The bill? $300 pesos. We gave them $500, and I felt like hugging them (I almost tried–but it was so awkward that I think I abandoned that idea mid-hug), and we went happily on our way to the next town just after nightfall.
So…3 months later…here is an update on what it means to buy a laptop in Mexico:
1. The keyboard is a Latin American keyboard. I assumed it would be an easy switch to an English keyboard, but was shocked to learn that an English keyboard for this laptop model is $100. Ouch. I still set the keyboard through the Control Panel as an “English” keyboard, despite the fact that a Latin American one is installed. This means that the letters/symbols on the keys do not match what I am typing. This makes it a little awkward for learning where new keys are located (such as the END or DELETE key)…because they are different from my last laptop, and again…what I see is not what I type. I’ve found the best solution is that when sitting at my desk I use an external English keyboard, and therefore the annoyance just comes up when I go mobile. And truthfully, I’m a crazy obsessed typer that rarely looks at a keyboard anyways…so all is good for me (poor Jared, when he tries to use my laptop)!

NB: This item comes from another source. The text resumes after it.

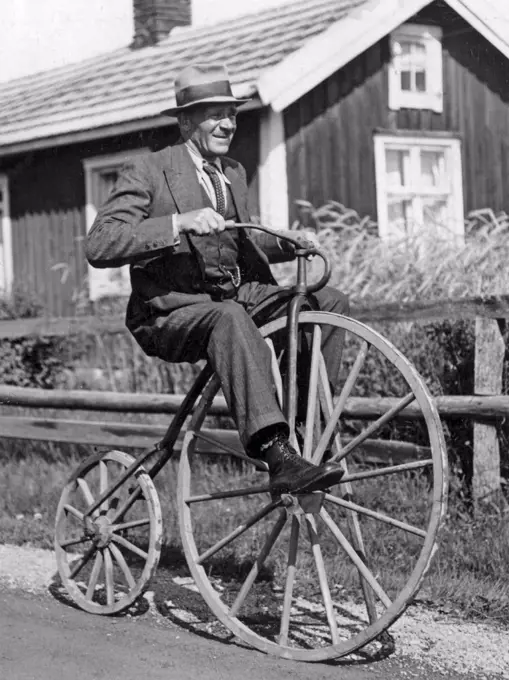 Penny farthing bicycle. A man is riding a penny-farthing bicycle he has made himself with wooden wheels both front and back. Sweden 1940s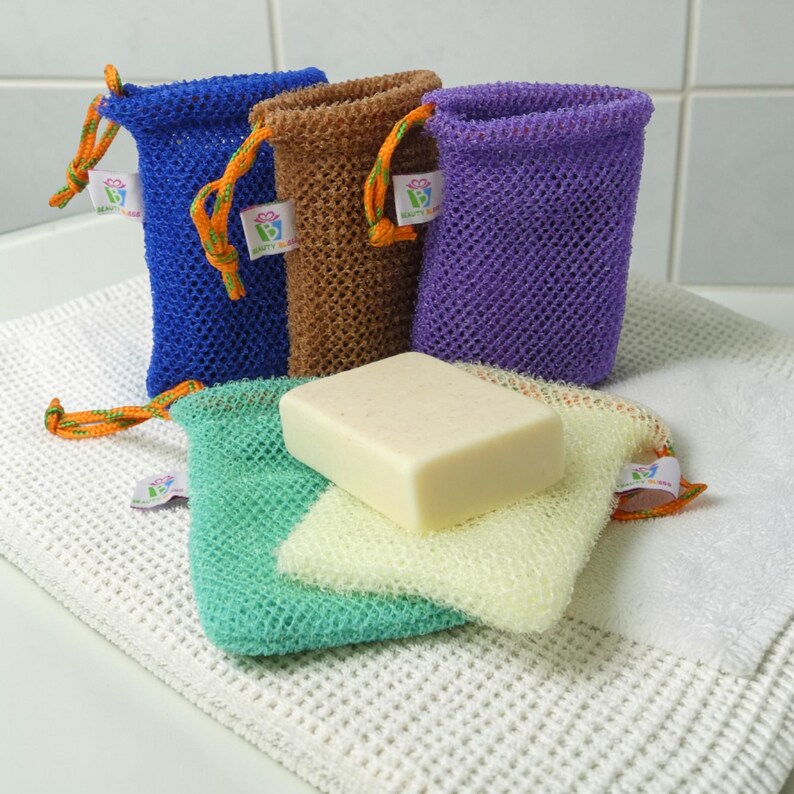 May include: A collection of colorful mesh soap bags in blue, brown, and purple, with a green and yellow bag holding a bar of soap. Each bag has a drawstring closure with orange and green cord. The bags are on a white waffle-weave towel.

2. The computer came in Spanish. I managed to get around just fine at first (I’m not terrible at reading Spanish), but still…when the control panel and everything else on the computer is not in English when you’re having trouble…it starts to bug. Surprise, Surprise…You cannot easily change a language on a Windows operating system! My computer came with Windows Basic, which meant that I had to upgrade to Windows Ultimate ($200) to be able to download a language pack and upgrade it to English. To upgrade to Windows Ultimate to change the language, I had to do a clean install, which meant I had to wipe the ENTIRE computer clean. Assuming that the computer was brand new and I had nothing to lose, I did this clean install without doing any kind of a backup. Silly me…I didn’t take into consideration that it wiped out all of the pre-installed programs and drivers. Just getting the computer to connect to the internet again was a huge chore! Ahhh!!!
3. The reasons go a lot deeper than point #1 and #2, but like childbirth I have already forgotten all the pain, and can no longer remember all the problems I had to resolve. I know it included about 5 hours on the phone with US tech support, who couldn’t help me fully, because my computer is a Latin American model. I then called the Mexican HP support number, but somehow instead dialed the equivalent of 911, without even knowing it. Here I was trying to tell the guy about my computer problem, and he’s asking me “Is this an emergency?” “Well, no, not really.” “M’am, this number is for emergencies.” “For computer emergencies?” Umm…we got that straightened out very fast, and I felt a bit sheepish.
So, my advice to you?
Don’t buy a foreign computer unless you absolutely have to.
Or if you buy one, accept that whatever quirks it has are yours to keep…they are probably not worth the pain (and money) to fix!
It would have been cheaper to purchase a laptop in the states (those import taxes kill you on electronics), not to mention I wouldn’t have had to pay an extra $200 to upgrade the operating system to get it into English. Also, my keyboard would have already been in English, so I wouldn’t have to consider whether was/is worth it to me to spend an additional $100 to get an English keyboard. If I had been able to wait another month and a half to get a new computer (not too likely, considering the other laptop was literally just limping along-only sometimes able to connect to the internet), I would have ordered one and had family deliver it when they visited in January. The other option would have been purchasing the laptop in the US, and shipping it to Mexico, which would have resulted in a huge important duty/tax. I also learned that I perhaps could have called the HP office in Mexico and had them build the custom computer for me, and shipped it to me (perhaps even with English?) within Mexico.